Write out each line of the records that has "Body" in it.

SUPPLIED RECORDS -

# # # # #

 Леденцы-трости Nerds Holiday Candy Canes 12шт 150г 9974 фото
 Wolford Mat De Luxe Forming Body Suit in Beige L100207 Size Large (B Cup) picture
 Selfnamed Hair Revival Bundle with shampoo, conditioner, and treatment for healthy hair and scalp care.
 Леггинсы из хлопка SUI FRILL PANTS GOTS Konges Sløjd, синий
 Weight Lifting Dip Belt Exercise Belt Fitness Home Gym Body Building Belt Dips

# # # # #

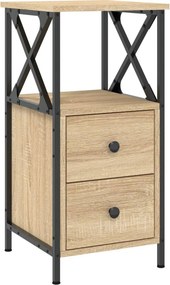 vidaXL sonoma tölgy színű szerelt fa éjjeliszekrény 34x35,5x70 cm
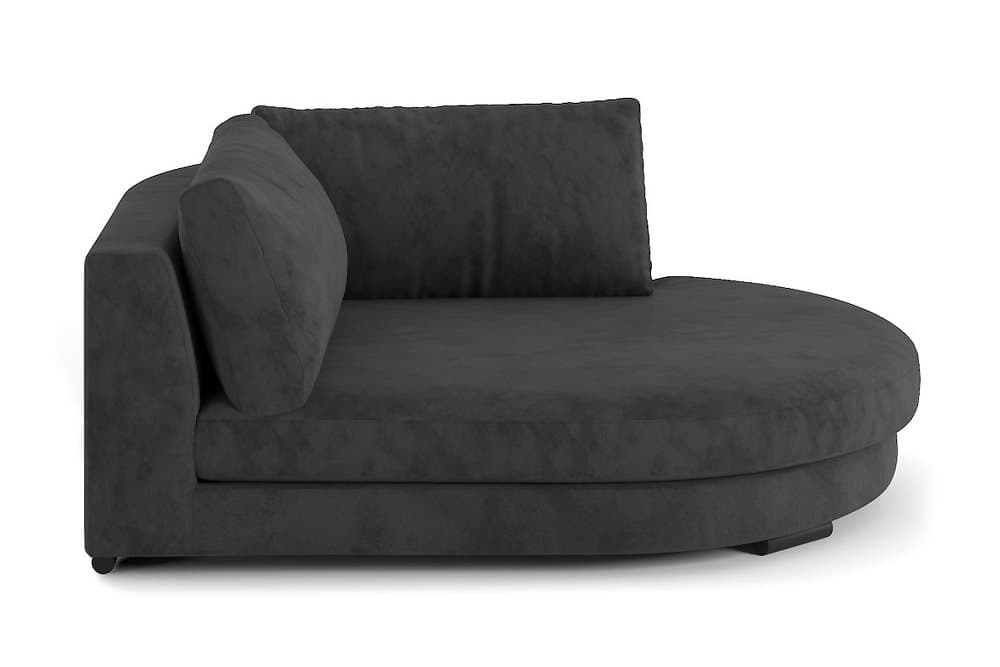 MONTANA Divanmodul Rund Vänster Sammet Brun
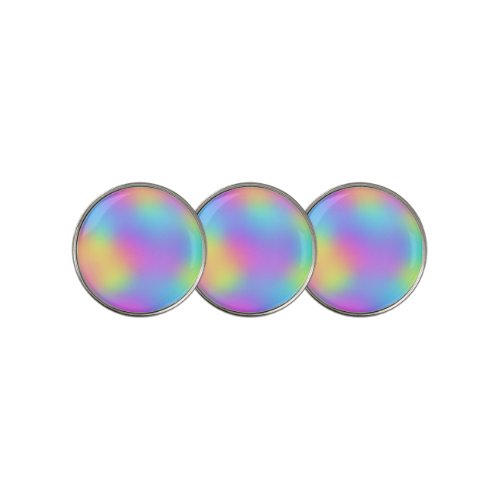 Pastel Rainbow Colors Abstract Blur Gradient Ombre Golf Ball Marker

# # # # #

RESPONSE FOR THIS EXERCISE -
 Wolford Mat De Luxe Forming Body Suit in Beige L100207 Size Large (B Cup) picture
 Weight Lifting Dip Belt Exercise Belt Fitness Home Gym Body Building Belt Dips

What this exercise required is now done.